▶ _GOAL OF THE EXERCISE_: Leaving the images aside, print every record in the material exactly.

▶ _AVAILABLE DATA_:
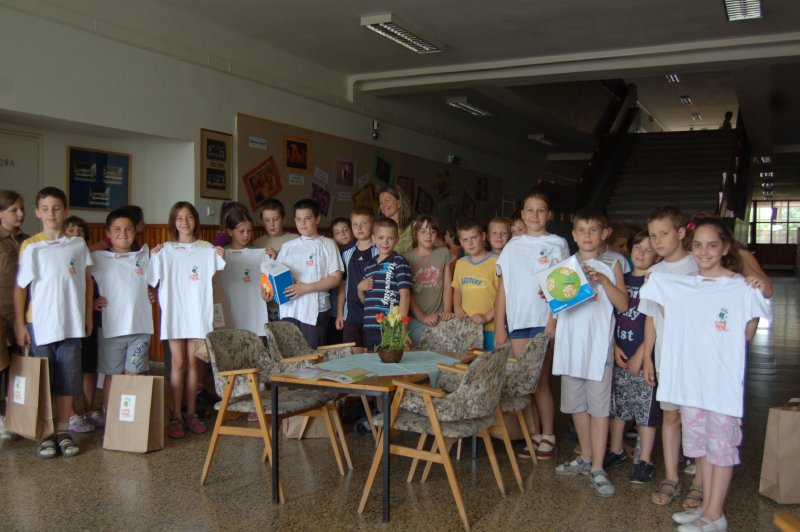 Minitárlat a főutcán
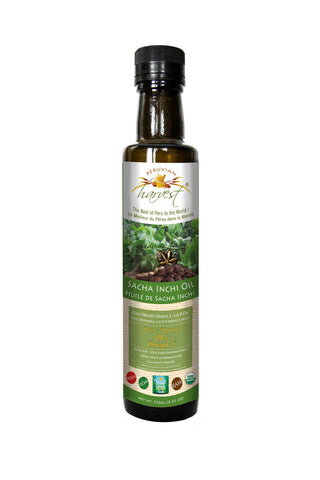 Peruvian Harvest® Sacha Inchi Omega Oil (250ml)
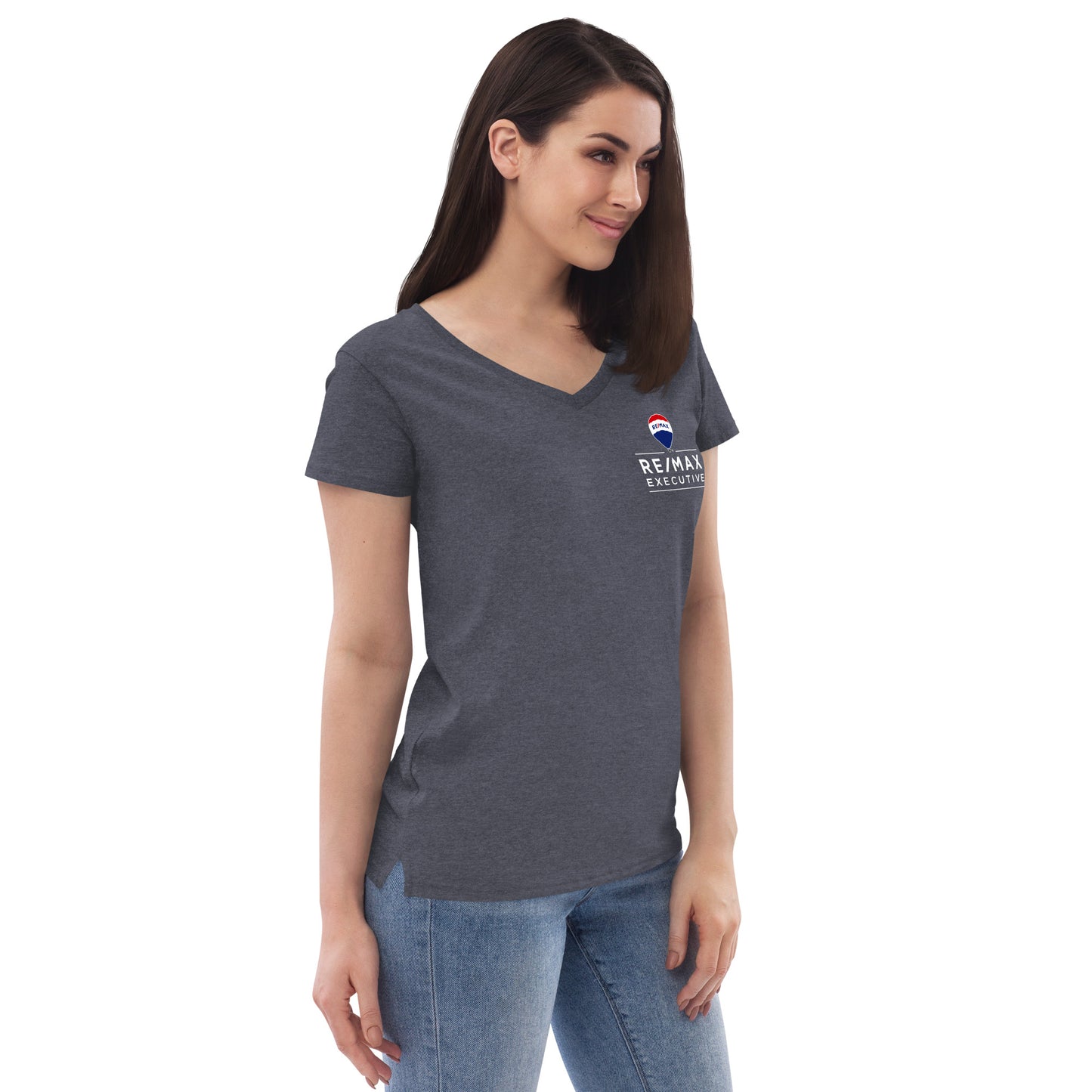 Women’s Recycled V-Neck T-Shirt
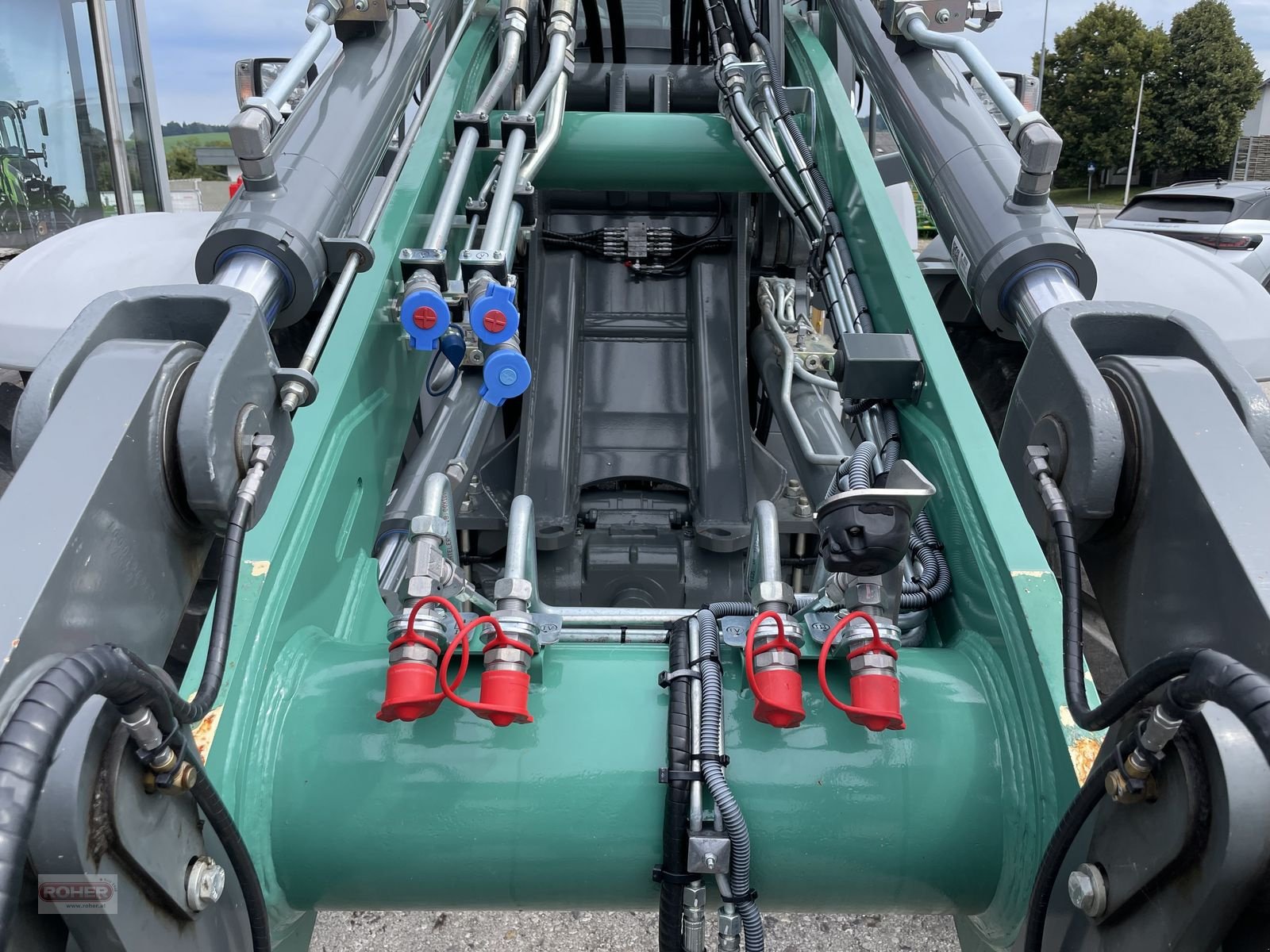 Teleskoplader of the type Kramer KL 70.8, Gebrauchtmaschine in Wieselburg Land (Picture 5)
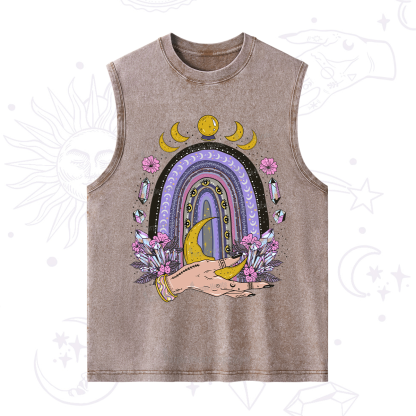 Purplehecate Magic Rainbow Washed Tank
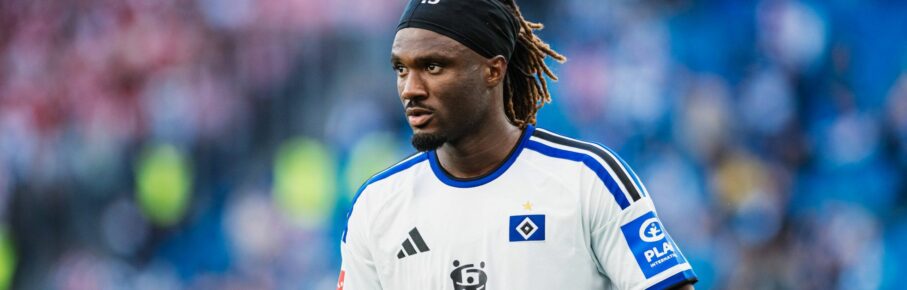 Terem Moffi vom HSV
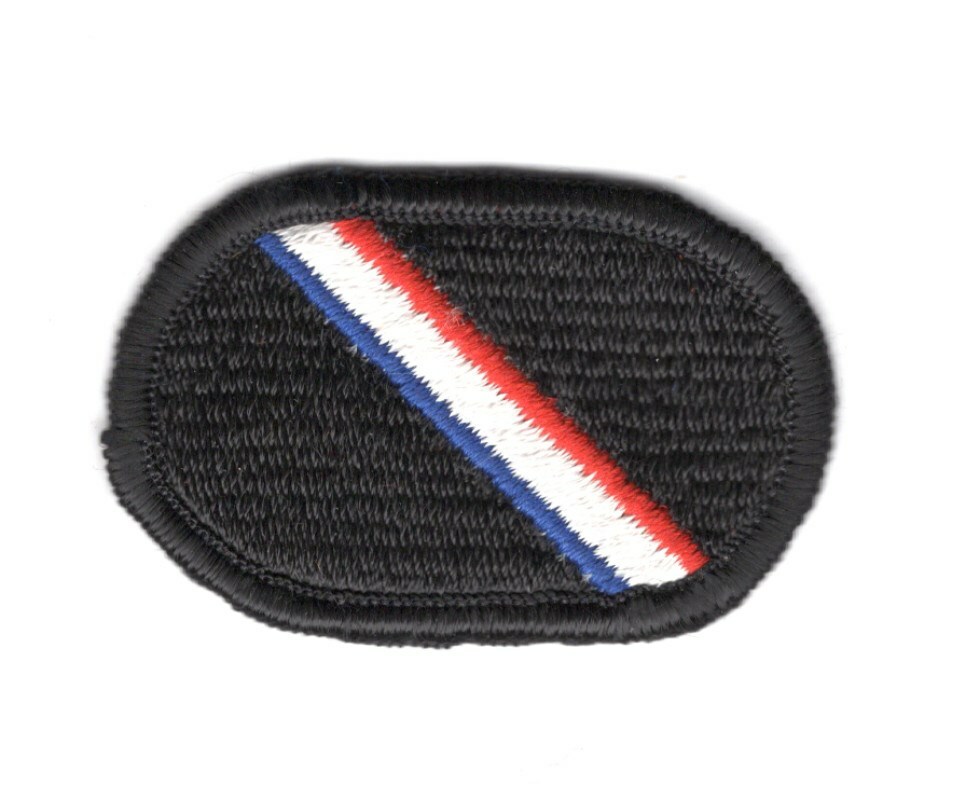Army Airborne Oval Patch:  3rd Special Operations Command - merrowed edge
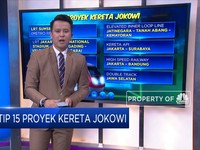Intip 15 Proyek Kereta Jokowi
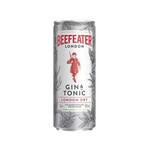 BEEFEATER gin Dry Gin & Tonic Rtd 0,25 l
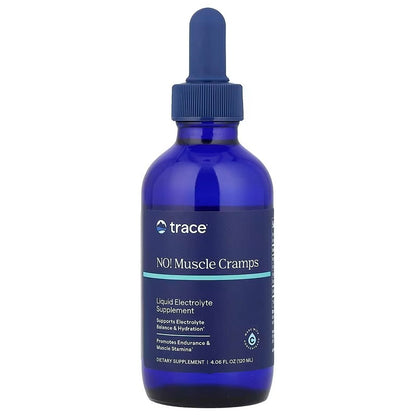 No! Muscle Cramps - 120 ml. Trace Minerals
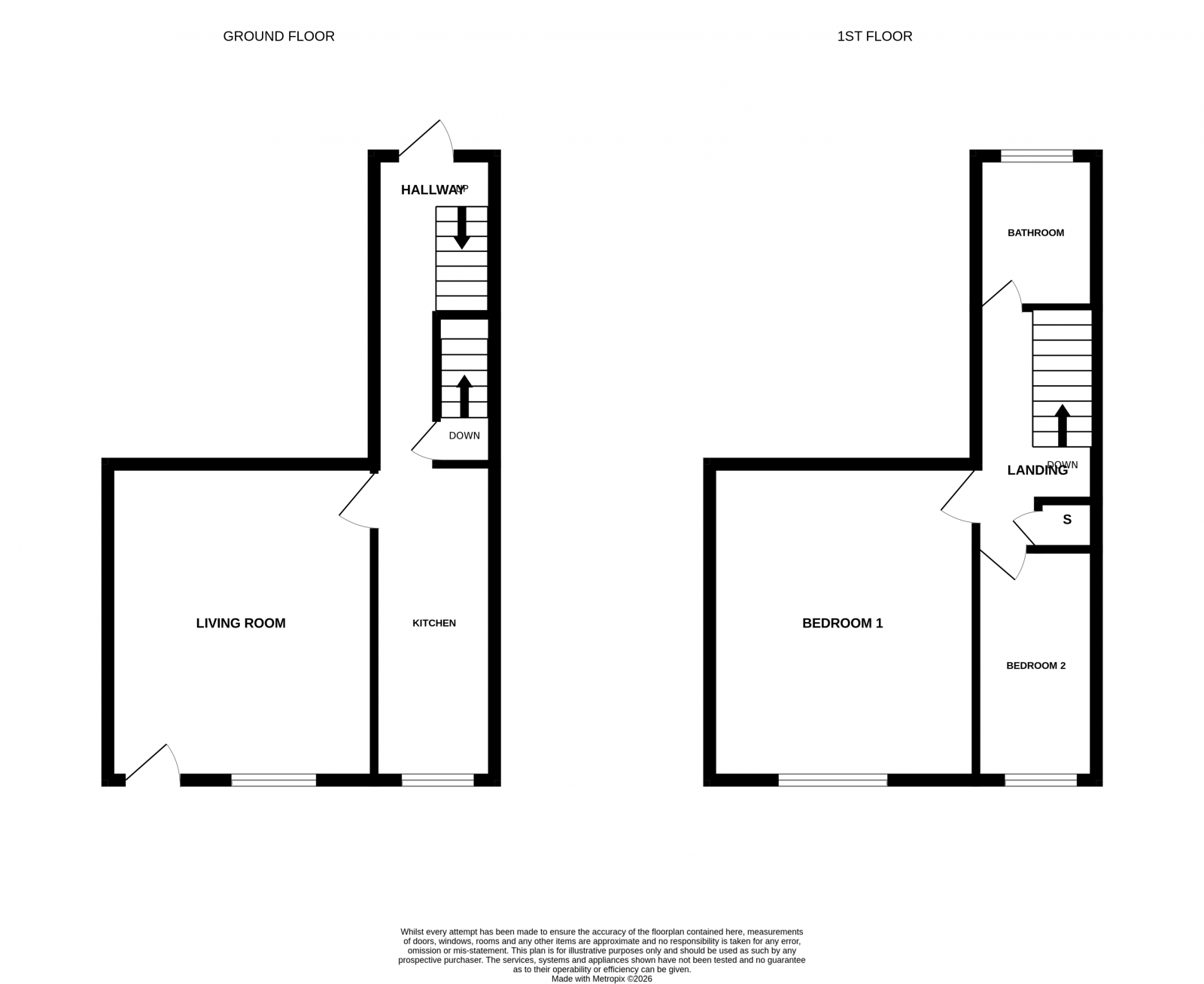 Salem Place, Garforth, LS25 floorplan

▶ _OUTPUT OF THE TASK_:
 Minitárlat a főutcán
 Peruvian Harvest® Sacha Inchi Omega Oil (250ml)
 Women’s Recycled V-Neck T-Shirt
 Teleskoplader of the type Kramer KL 70.8, Gebrauchtmaschine in Wieselburg Land (Picture 5)
 Purplehecate Magic Rainbow Washed Tank
 Terem Moffi vom HSV
Army Airborne Oval Patch:  3rd Special Operations Command - merrowed edge
Intip 15 Proyek Kereta Jokowi
 BEEFEATER gin Dry Gin & Tonic Rtd 0,25 l
 No! Muscle Cramps - 120 ml. Trace Minerals
 Salem Place, Garforth, LS25 floorplan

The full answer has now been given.